> Required action: Your answer must be an exact copy of the data, without any pictures.

______________________________

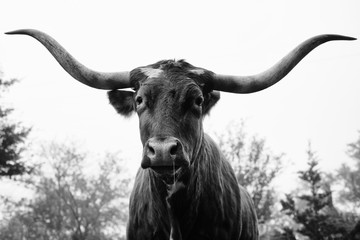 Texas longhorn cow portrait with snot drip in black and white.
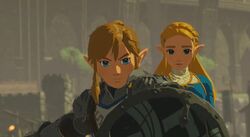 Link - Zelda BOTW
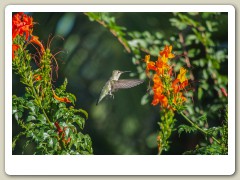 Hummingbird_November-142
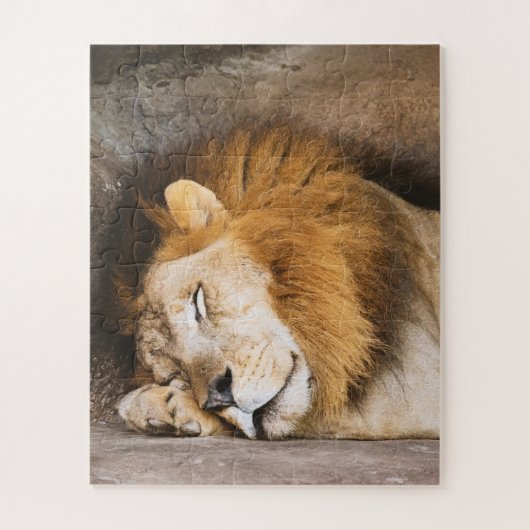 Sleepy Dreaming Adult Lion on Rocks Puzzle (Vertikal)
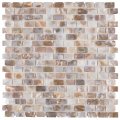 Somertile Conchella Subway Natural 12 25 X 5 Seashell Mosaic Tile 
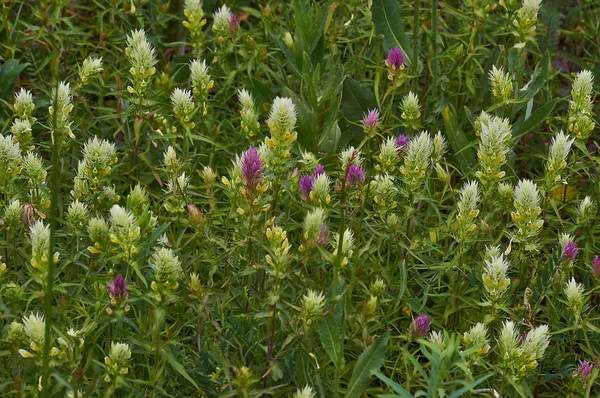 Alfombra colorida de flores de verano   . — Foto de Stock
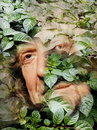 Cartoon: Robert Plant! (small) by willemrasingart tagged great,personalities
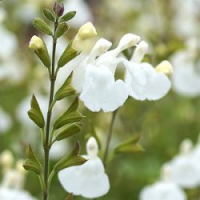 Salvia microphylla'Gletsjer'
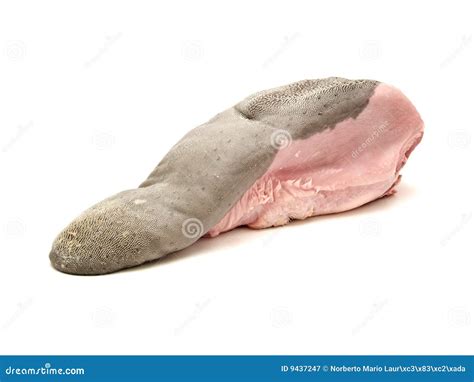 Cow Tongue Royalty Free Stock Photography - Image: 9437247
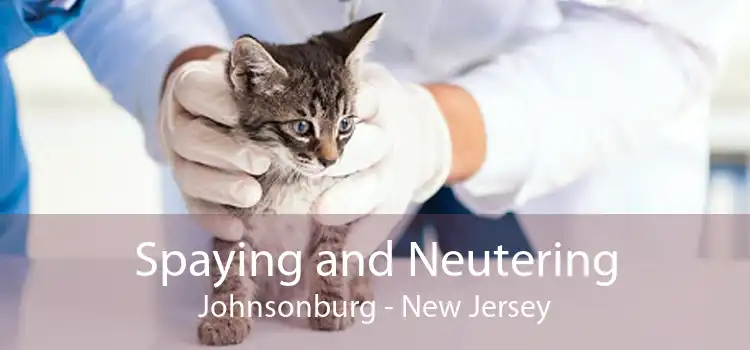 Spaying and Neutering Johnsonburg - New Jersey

______________________________

> Answer:
 Texas longhorn cow portrait with snot drip in black and white.
 Link - Zelda BOTW
 Hummingbird_November-142
 Sleepy Dreaming Adult Lion on Rocks Puzzle (Vertikal)
 Somertile Conchella Subway Natural 12 25 X 5 Seashell Mosaic Tile 
 Alfombra colorida de flores de verano   . — Foto de Stock
 Cartoon: Robert Plant! (small) by willemrasingart tagged great,personalities
 Salvia microphylla'Gletsjer'
 Cow Tongue Royalty Free Stock Photography - Image: 9437247
 Spaying and Neutering Johnsonburg - New Jersey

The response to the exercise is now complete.